Building a Networked Music Box

I was the sole engineer on FamilySong. Over 3 years, I built every layer of the system — from soldering GPIO pins to managing Docker containers in production — growing it from a single Raspberry Pi playing MP3s into a networked platform serving 6 families across 12 households.

This article covers the system design and the practical engineering decisions behind it. For the design research story, see the main FamilySong case study.
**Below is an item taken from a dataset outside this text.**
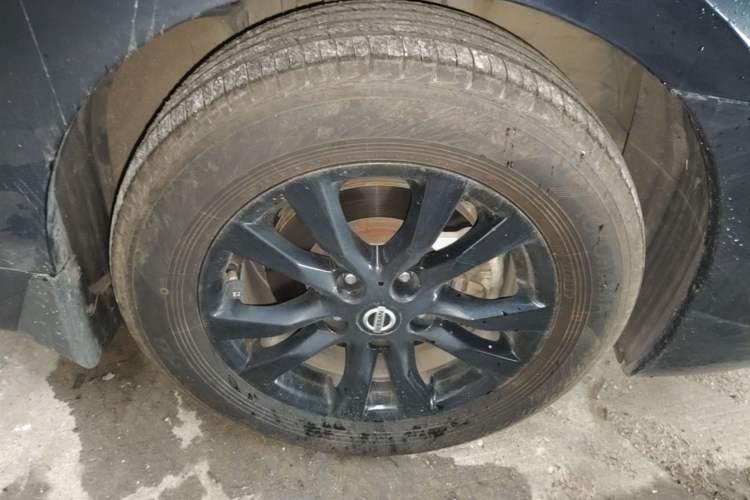 Used Nissan Teana 2013 2.5L XL Leading Edition Right Front Wheel Hub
The Problem, Architecturally

FamilySong needed to let family members in different households — sometimes on different continents — share music in near-real-time by tapping physical cards on a box. That means:

Physical devices in each home that are always on, reliable, and usable by anyone from toddlers to grandparents
A server that interprets card taps, manages song queues, and coordinates playback across households
Audio streaming that keeps all boxes in a family roughly in sync
A card creation interface that lets participants assign songs to NFC cards without technical knowledge
Months of unattended operation in homes I couldn’t easily visit

No single off-the-shelf system did this. I had to stitch together hardware, open-source audio tools, a custom server, and a web interface — then keep it all running reliably in the real world.

System Overview

Each family got its own isolated server stack. Each household in that family got a Raspberry Pi box. Here’s how they fit together:

FamilySong system architecture diagram — Architecture of the final FamilySong system. Each family runs an independent containerized stack on the server; each household connects a Raspberry Pi client.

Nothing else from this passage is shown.